I’m of mixed opinion on this card. It reminds me a lot of Warden of the First Tree, actually. Warden was a card that didn’t see a lot of play initially, but ended up being one of the best creatures in Standard by the end of its tenure. If Grim Flayer is connecting, it’s going to take over the game. Delirium is going to be easy to achieve and every turn you get to basically Ponder for your draw step. You get to choose the best of the top 3 cards, or just draw a fresh one if none are good.
This is definitely a snowball card. What scares me is that it’s a 2/2 in a world of 2/3 creatures. It’s not always going to be easy to connect with this. Grim Flayer seems very good on the play and good if backed up by sufficient removal to clear the way. If you can enable delirium easily, this could be quite strong. A 4/4 trample with a powerful combat ability is nothing to scoff at.
Winner for card name of the set. I can’t really explain why I love this name so much, but it speaks to me on a deep level. Distended Mindbender sounds like a wrestling move or a disease. “Ishkanah, Grafwidow off the top rope… but no! It gets shut down by the Distended Mindbender.” “Little Johnny is unfortunately suffering from an acute case of the Distended Mindbender. Recovery is unlikely.”

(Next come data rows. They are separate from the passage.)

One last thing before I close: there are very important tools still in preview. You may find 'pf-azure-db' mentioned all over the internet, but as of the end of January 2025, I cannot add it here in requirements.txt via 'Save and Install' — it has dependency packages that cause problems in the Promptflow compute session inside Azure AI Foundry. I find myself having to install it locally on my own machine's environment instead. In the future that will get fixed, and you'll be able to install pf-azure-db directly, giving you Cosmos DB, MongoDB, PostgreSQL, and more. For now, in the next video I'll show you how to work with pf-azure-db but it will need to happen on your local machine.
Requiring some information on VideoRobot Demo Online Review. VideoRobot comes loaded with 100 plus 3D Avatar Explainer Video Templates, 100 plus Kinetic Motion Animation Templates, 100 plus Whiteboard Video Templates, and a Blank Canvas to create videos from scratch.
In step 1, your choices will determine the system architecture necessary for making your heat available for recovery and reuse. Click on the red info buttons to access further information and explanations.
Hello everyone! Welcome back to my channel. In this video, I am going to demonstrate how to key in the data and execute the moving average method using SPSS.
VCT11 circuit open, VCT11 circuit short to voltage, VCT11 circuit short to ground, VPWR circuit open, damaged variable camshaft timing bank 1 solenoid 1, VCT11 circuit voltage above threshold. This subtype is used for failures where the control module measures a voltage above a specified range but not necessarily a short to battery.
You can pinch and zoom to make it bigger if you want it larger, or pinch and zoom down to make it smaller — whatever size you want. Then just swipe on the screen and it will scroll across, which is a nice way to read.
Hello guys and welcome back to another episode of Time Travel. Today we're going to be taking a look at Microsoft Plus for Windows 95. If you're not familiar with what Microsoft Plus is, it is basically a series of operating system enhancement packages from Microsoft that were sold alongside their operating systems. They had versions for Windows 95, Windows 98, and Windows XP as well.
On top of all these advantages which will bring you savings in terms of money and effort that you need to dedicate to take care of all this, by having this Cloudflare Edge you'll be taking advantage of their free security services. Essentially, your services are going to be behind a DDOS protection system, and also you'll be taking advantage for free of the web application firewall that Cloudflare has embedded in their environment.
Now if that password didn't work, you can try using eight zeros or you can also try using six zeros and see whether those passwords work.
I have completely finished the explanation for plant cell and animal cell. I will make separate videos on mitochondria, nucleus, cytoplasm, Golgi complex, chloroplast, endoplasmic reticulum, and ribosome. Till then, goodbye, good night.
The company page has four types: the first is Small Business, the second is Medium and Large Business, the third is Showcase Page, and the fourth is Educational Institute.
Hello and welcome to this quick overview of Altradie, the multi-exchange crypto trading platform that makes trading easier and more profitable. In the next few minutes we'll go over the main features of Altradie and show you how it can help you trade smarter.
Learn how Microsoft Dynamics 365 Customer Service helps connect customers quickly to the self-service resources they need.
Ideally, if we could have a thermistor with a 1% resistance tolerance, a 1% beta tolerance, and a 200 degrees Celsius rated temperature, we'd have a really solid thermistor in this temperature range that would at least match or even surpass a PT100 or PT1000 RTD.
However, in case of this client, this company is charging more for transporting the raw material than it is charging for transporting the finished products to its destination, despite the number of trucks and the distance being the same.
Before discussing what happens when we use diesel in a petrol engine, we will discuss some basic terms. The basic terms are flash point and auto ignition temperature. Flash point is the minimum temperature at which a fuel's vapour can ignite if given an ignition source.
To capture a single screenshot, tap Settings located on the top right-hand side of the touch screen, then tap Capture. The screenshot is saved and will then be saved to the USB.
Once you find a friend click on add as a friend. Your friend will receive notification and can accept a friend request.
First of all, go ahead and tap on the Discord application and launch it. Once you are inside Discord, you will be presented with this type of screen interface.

I think all of the emerge Eldrazi are good, even including Abundant Maw, the 6/4 that drains for 3 when it comes into play. I like to refer to that card as Siege Mawstodon. It drains like Siege Rhino but has a body more like Mosstodon.
Anyway, I think Distended Mindbender is sweet, and I could see it slotting into a GB shell with various powerful green and black 3-drops to sacrifice to this monstrosity.
That’s not all the new toys for GB in this set, but that’s all the toys this Santa is dishing out in Magical Christmasland. You’ll have to get your other toys from a different Santa, a better Santa, of which there are many.
Oh, and before I forget—Mindwrack Demon exists. Remember how Desecration Demon was a bulk rare that saw no play for a full year, but then ended up being one of the most powerful cards in Standard the entire next year?